SUPPLIED DATA:

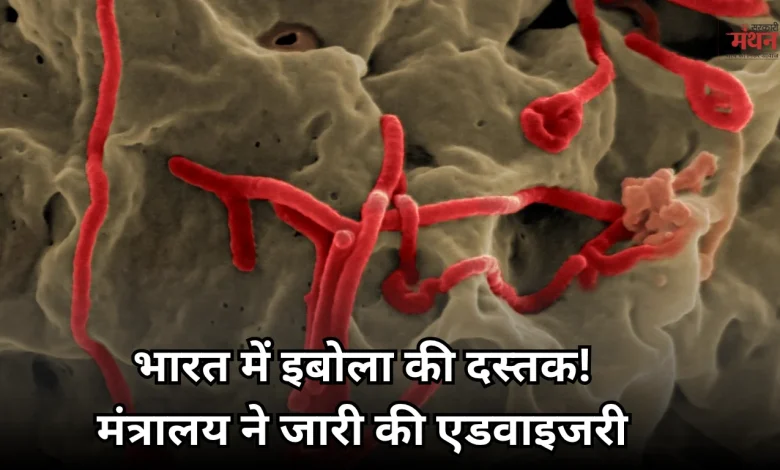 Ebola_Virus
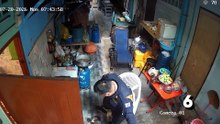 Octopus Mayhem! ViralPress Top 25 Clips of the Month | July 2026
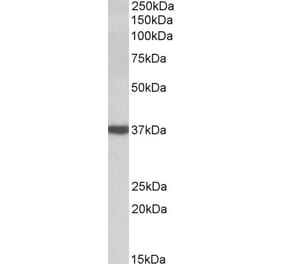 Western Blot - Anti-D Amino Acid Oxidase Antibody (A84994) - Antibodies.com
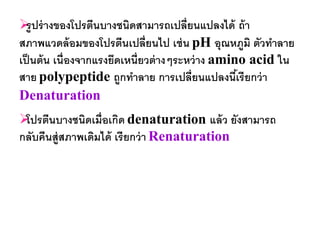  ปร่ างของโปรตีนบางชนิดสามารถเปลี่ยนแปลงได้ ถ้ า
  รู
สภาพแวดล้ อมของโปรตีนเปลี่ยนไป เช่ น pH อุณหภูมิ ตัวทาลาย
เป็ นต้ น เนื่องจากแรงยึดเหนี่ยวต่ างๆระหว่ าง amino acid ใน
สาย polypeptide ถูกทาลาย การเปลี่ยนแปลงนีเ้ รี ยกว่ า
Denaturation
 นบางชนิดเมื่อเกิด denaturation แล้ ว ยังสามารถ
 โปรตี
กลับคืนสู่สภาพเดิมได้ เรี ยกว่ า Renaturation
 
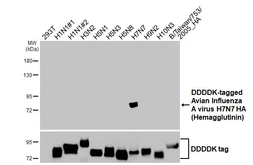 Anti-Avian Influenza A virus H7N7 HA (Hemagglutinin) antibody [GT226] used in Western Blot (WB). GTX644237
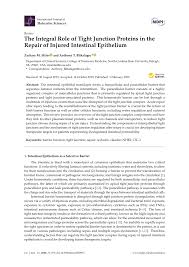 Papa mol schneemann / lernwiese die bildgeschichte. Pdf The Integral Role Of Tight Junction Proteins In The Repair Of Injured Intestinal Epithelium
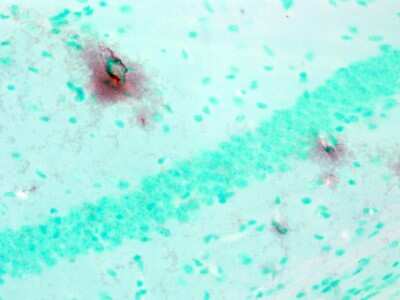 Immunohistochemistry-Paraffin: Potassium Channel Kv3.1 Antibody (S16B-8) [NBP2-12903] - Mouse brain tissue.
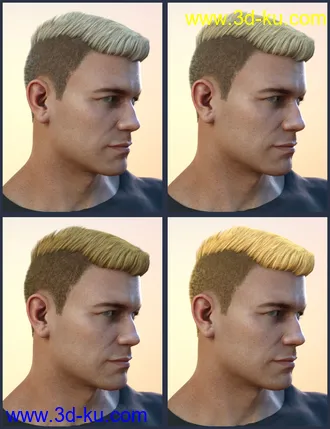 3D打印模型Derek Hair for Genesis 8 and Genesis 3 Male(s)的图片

WHAT IS BEING ASKED:
Leave out the pictures and return every record word for word.

EXPECTED OUTPUT:
 Ebola_Virus
 Octopus Mayhem! ViralPress Top 25 Clips of the Month | July 2026
 Western Blot - Anti-D Amino Acid Oxidase Antibody (A84994) - Antibodies.com
  ปร่ างของโปรตีนบางชนิดสามารถเปลี่ยนแปลงได้ ถ้ า
  รู
สภาพแวดล้ อมของโปรตีนเปลี่ยนไป เช่ น pH อุณหภูมิ ตัวทาลาย
เป็ นต้ น เนื่องจากแรงยึดเหนี่ยวต่ างๆระหว่ าง amino acid ใน
สาย polypeptide ถูกทาลาย การเปลี่ยนแปลงนีเ้ รี ยกว่ า
Denaturation
 นบางชนิดเมื่อเกิด denaturation แล้ ว ยังสามารถ
 โปรตี
กลับคืนสู่สภาพเดิมได้ เรี ยกว่ า Renaturation
 
 Anti-Avian Influenza A virus H7N7 HA (Hemagglutinin) antibody [GT226] used in Western Blot (WB). GTX644237
 Papa mol schneemann / lernwiese die bildgeschichte. Pdf The Integral Role Of Tight Junction Proteins In The Repair Of Injured Intestinal Epithelium
 Immunohistochemistry-Paraffin: Potassium Channel Kv3.1 Antibody (S16B-8) [NBP2-12903] - Mouse brain tissue.
 3D打印模型Derek Hair for Genesis 8 and Genesis 3 Male(s)的图片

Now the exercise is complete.